*** Opening Excerpted data ***
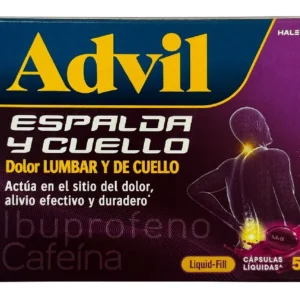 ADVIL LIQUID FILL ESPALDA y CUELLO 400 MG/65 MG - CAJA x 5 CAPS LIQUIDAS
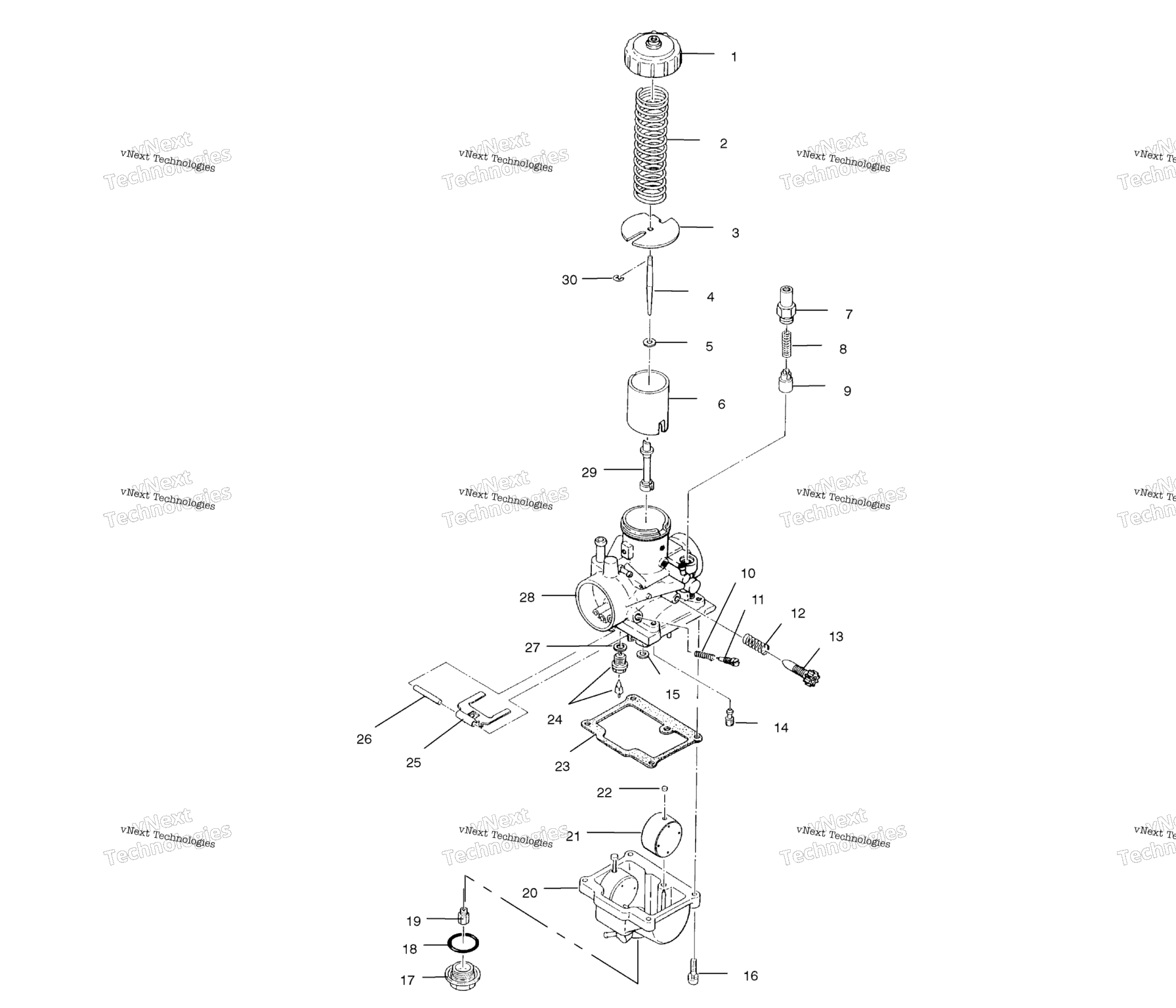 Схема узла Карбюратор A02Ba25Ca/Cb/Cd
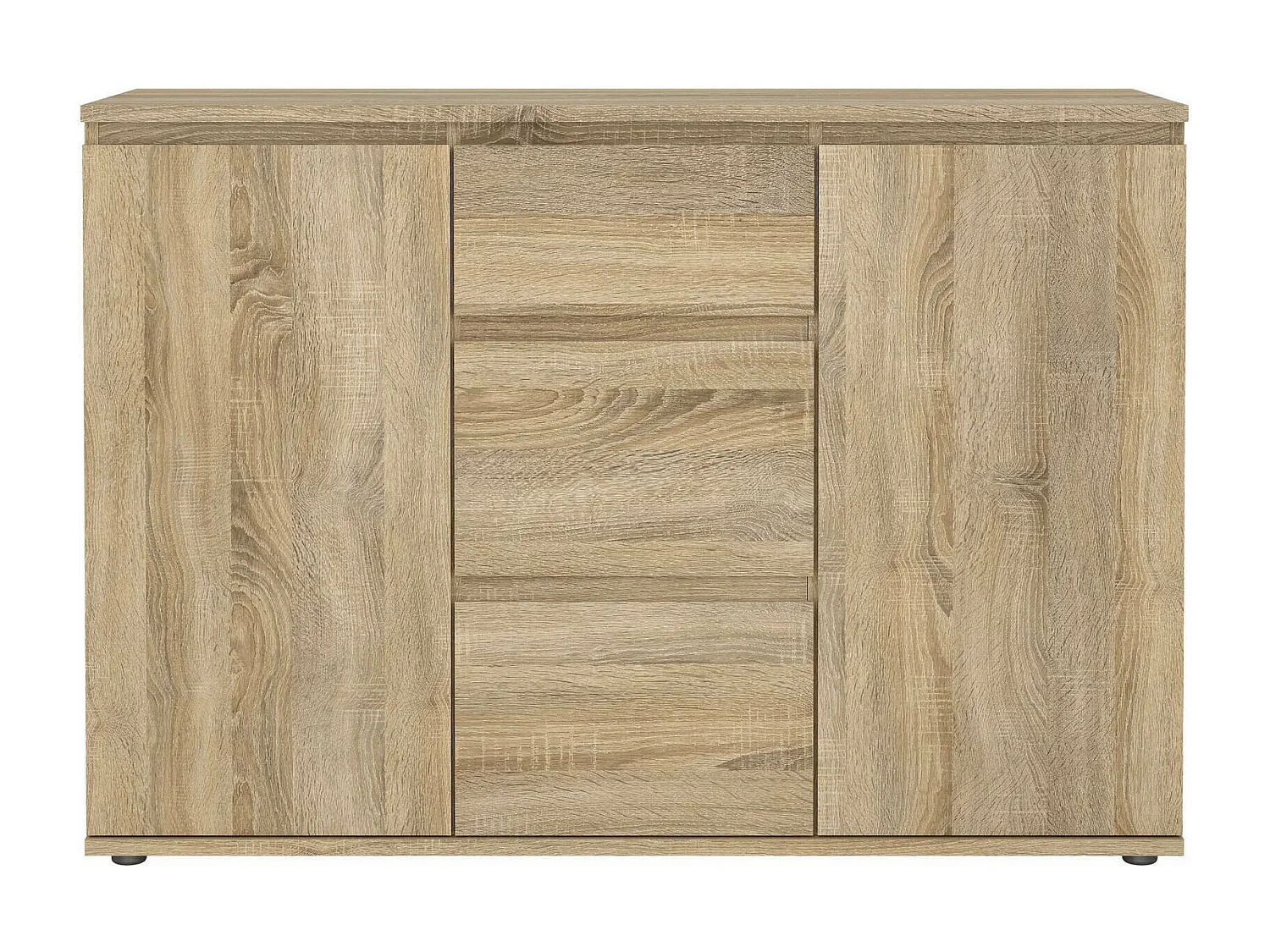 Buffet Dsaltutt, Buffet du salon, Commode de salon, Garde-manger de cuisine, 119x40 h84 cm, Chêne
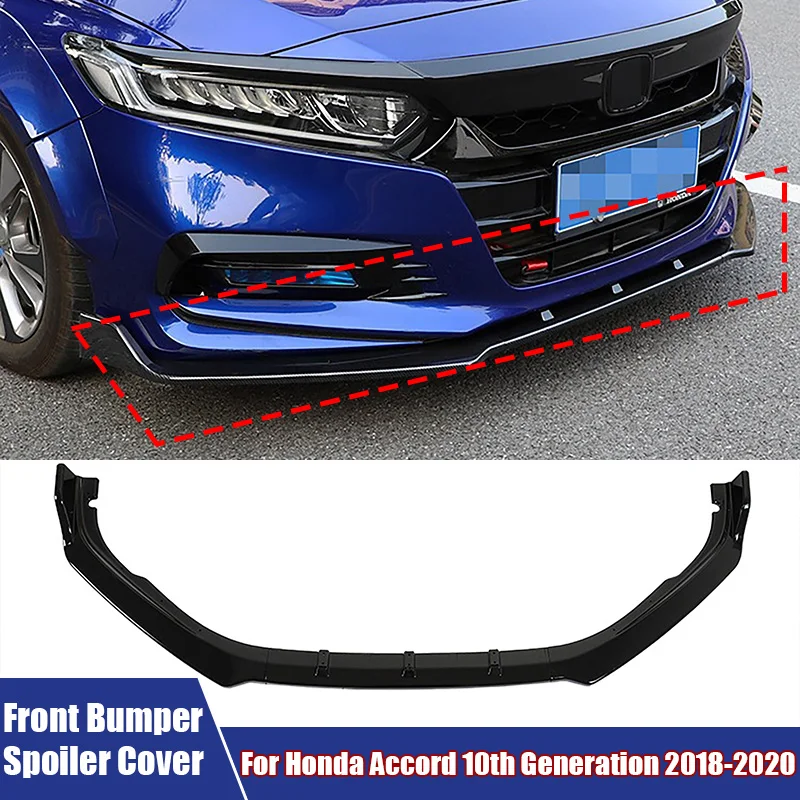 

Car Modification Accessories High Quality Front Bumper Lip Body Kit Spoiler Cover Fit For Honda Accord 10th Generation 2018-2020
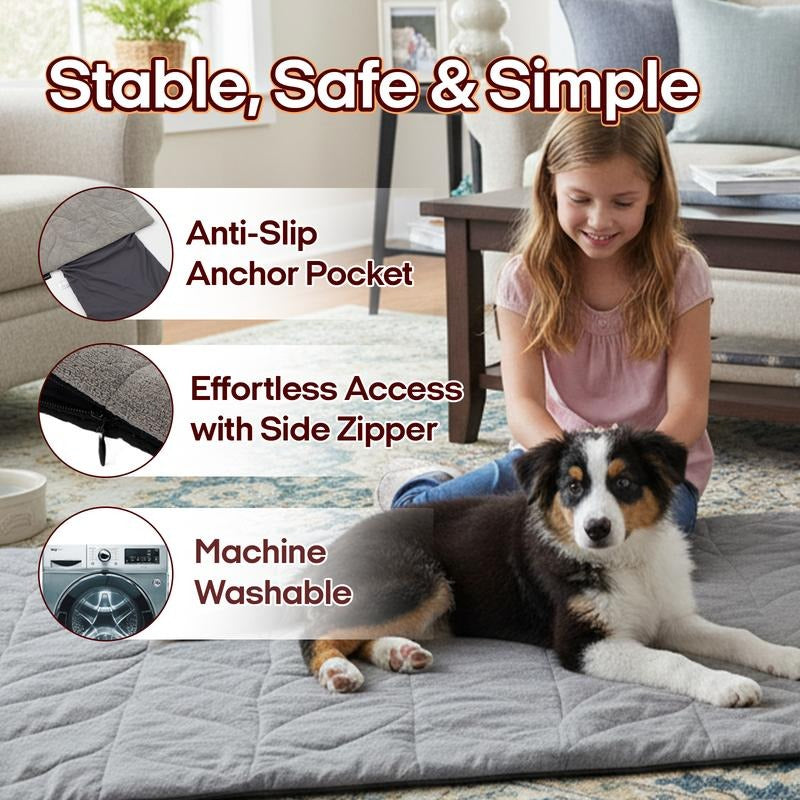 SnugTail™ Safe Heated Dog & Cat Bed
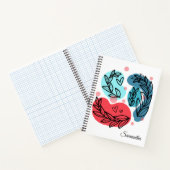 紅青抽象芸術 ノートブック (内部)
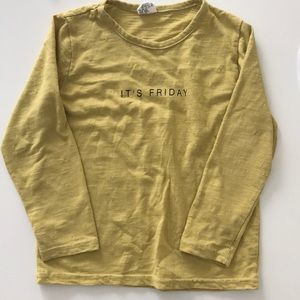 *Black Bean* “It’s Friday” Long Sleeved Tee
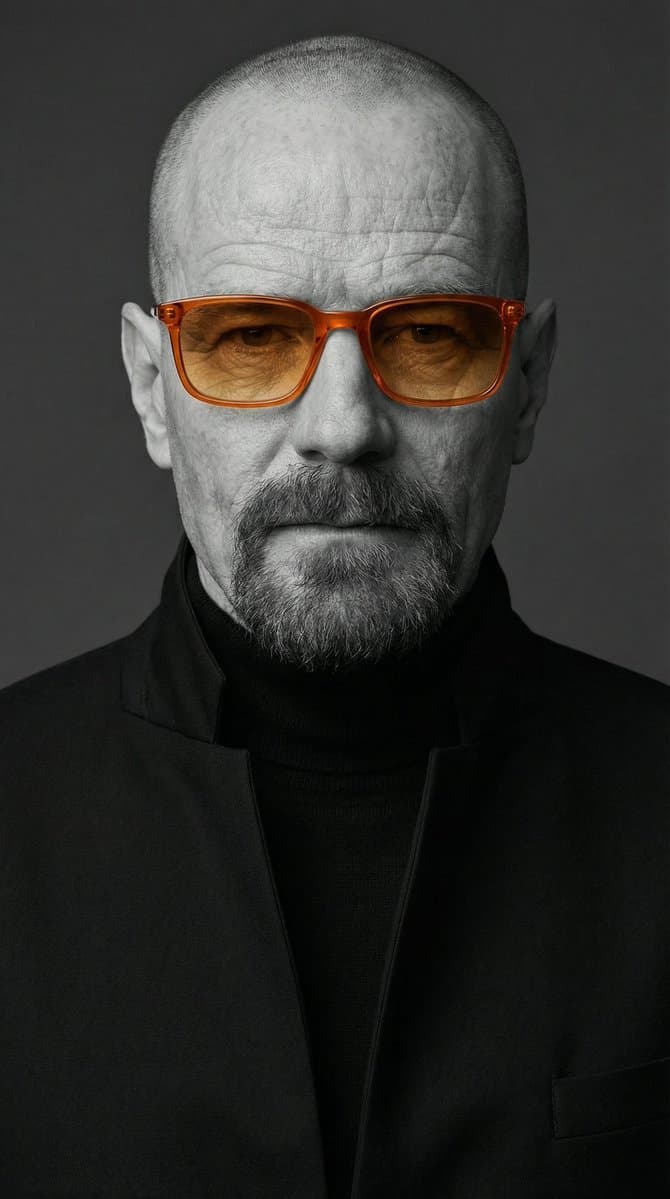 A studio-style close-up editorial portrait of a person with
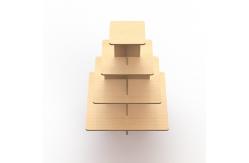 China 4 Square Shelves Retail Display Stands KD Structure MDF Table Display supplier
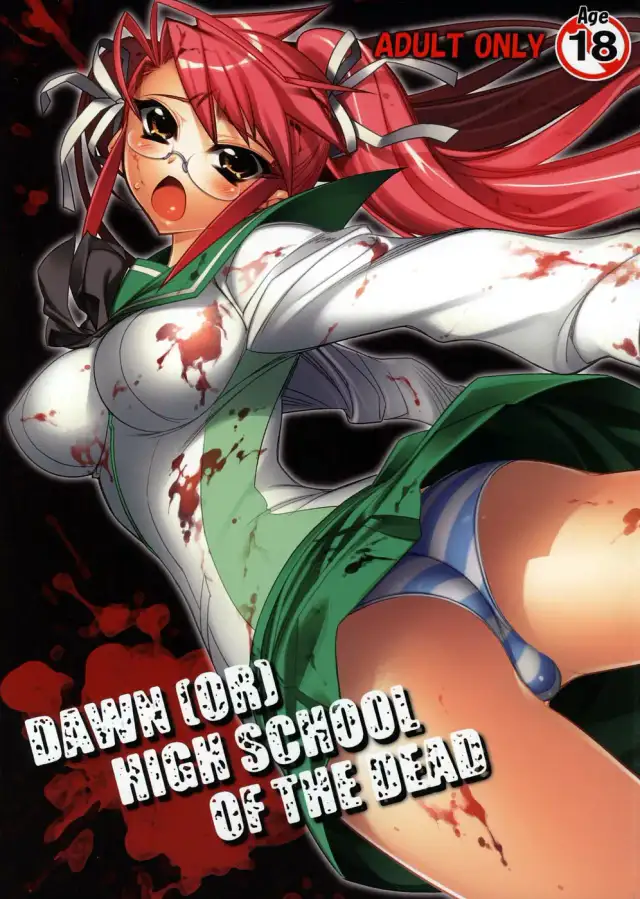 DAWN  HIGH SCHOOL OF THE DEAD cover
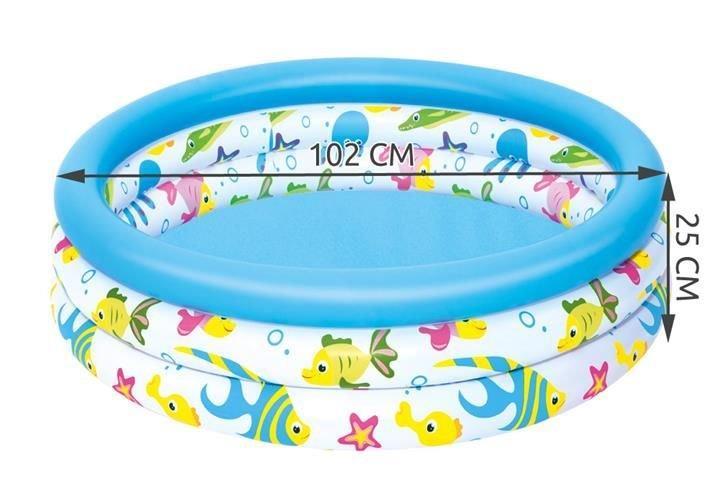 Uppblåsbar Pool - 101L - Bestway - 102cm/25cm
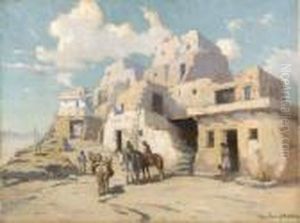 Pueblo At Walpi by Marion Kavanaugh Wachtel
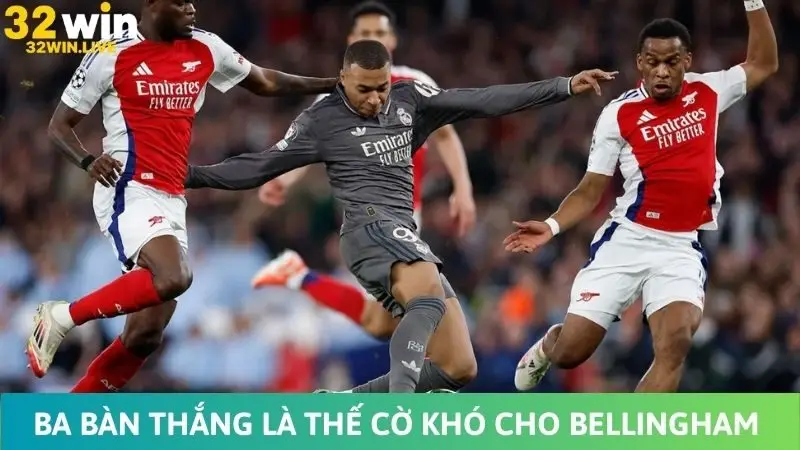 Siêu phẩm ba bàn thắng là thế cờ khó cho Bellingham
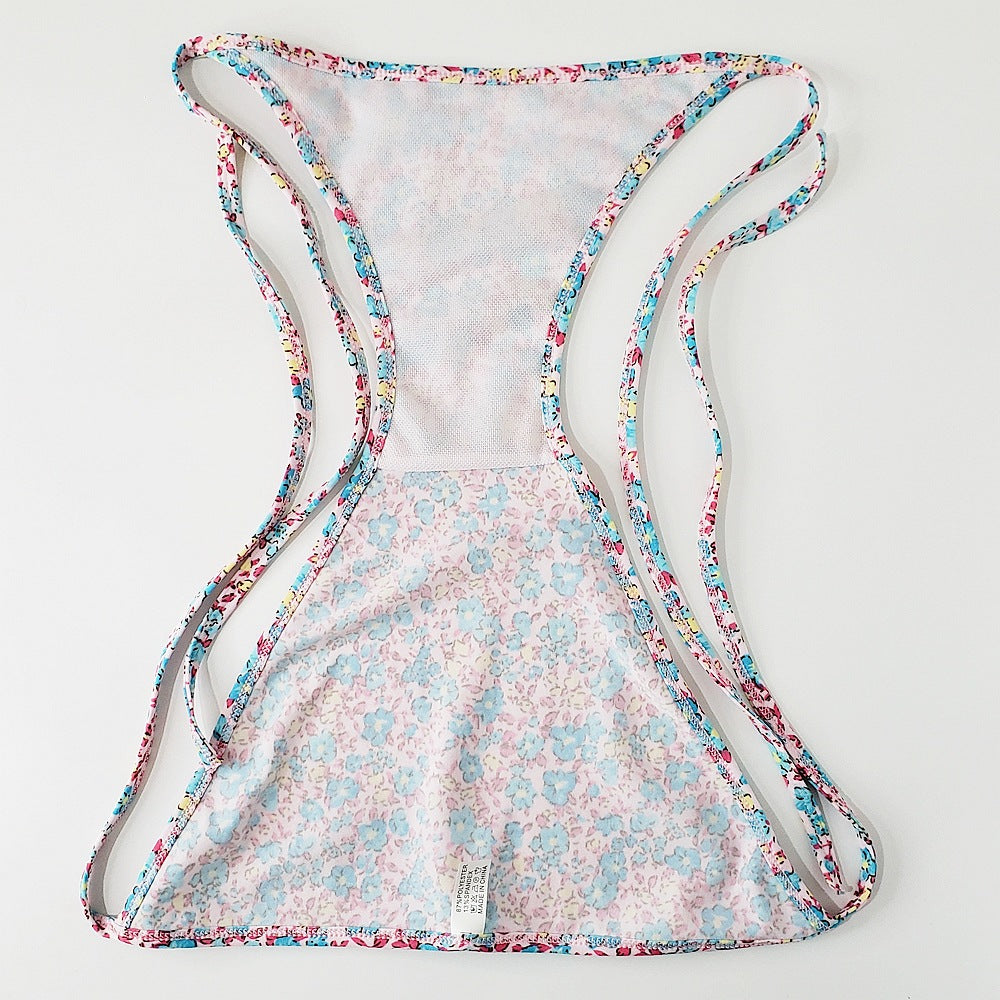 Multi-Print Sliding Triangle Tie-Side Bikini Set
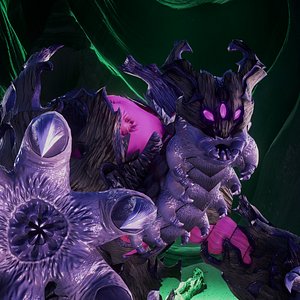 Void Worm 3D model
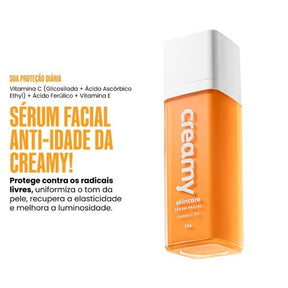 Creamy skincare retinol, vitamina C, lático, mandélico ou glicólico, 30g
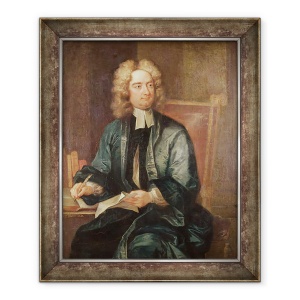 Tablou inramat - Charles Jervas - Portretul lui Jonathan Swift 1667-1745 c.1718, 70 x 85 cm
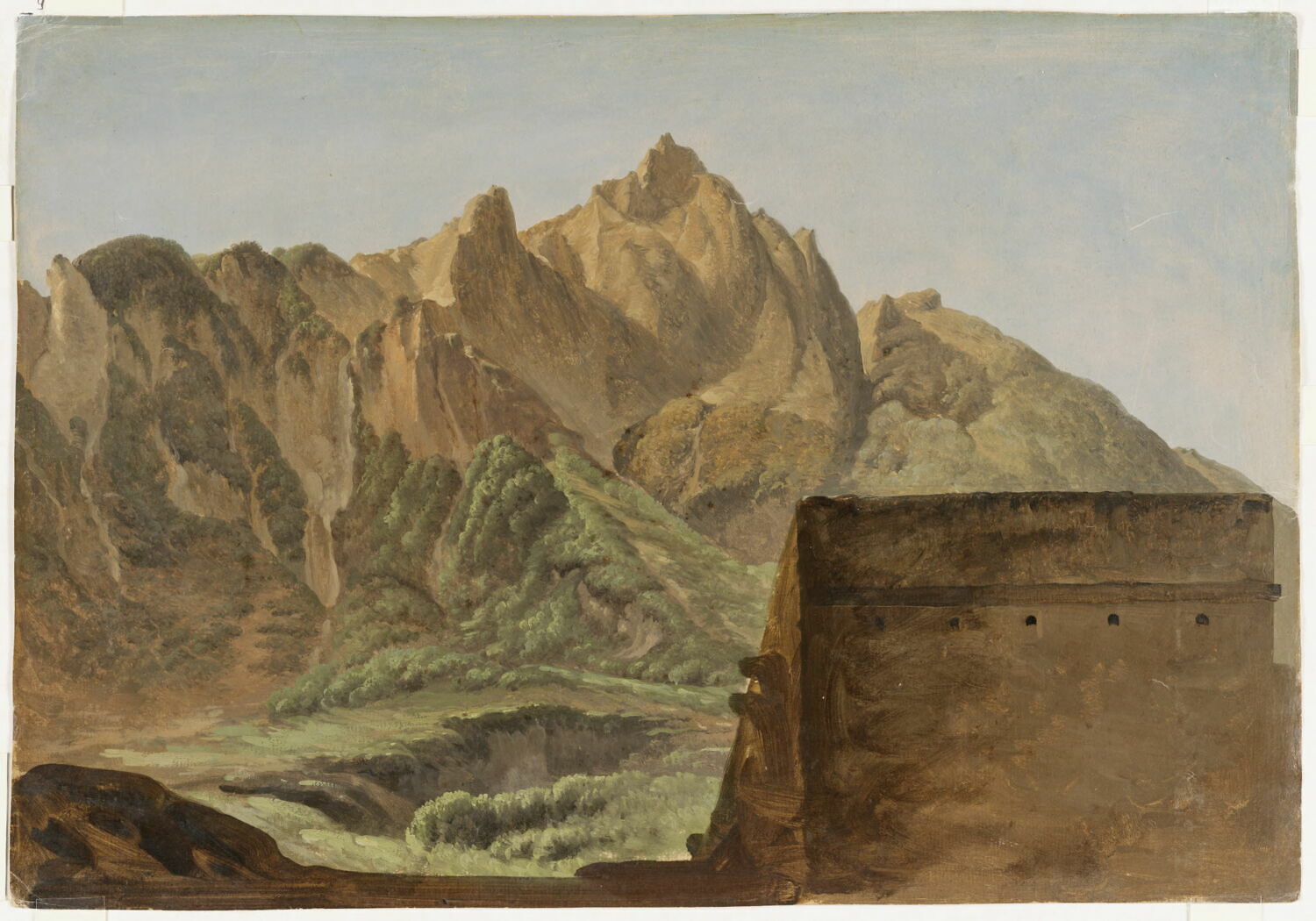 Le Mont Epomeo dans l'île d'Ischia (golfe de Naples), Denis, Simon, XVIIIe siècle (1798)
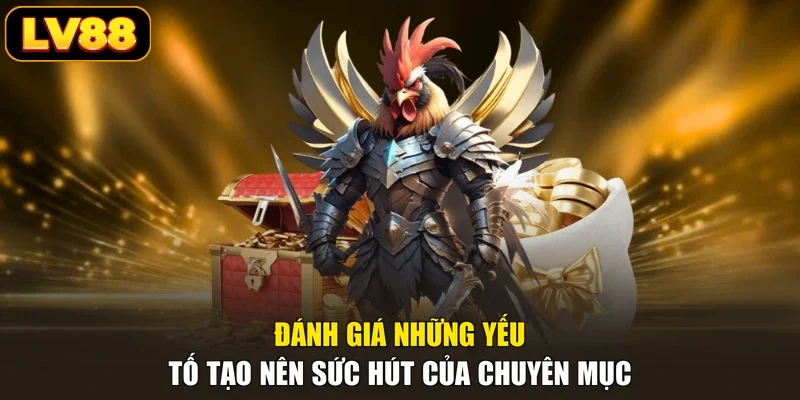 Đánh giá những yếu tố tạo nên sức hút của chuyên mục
*** Closing Excerpted data ***
Exercise —
Output the whole listing without change. Any picture is to be left out.

Answer box —
 ADVIL LIQUID FILL ESPALDA y CUELLO 400 MG/65 MG - CAJA x 5 CAPS LIQUIDAS
 Схема узла Карбюратор A02Ba25Ca/Cb/Cd
 Buffet Dsaltutt, Buffet du salon, Commode de salon, Garde-manger de cuisine, 119x40 h84 cm, Chêne

Car Modification Accessories High Quality Front Bumper Lip Body Kit Spoiler Cover Fit For Honda Accord 10th Generation 2018-2020
 SnugTail™ Safe Heated Dog & Cat Bed
 紅青抽象芸術 ノートブック (内部)
 *Black Bean* “It’s Friday” Long Sleeved Tee
 A studio-style close-up editorial portrait of a person with
 China 4 Square Shelves Retail Display Stands KD Structure MDF Table Display supplier
 DAWN  HIGH SCHOOL OF THE DEAD cover
 Uppblåsbar Pool - 101L - Bestway - 102cm/25cm
 Pueblo At Walpi by Marion Kavanaugh Wachtel
 Siêu phẩm ba bàn thắng là thế cờ khó cho Bellingham
 Multi-Print Sliding Triangle Tie-Side Bikini Set
 Void Worm 3D model
 Creamy skincare retinol, vitamina C, lático, mandélico ou glicólico, 30g
 Tablou inramat - Charles Jervas - Portretul lui Jonathan Swift 1667-1745 c.1718, 70 x 85 cm
 Le Mont Epomeo dans l'île d'Ischia (golfe de Naples), Denis, Simon, XVIIIe siècle (1798)
 Đánh giá những yếu tố tạo nên sức hút của chuyên mục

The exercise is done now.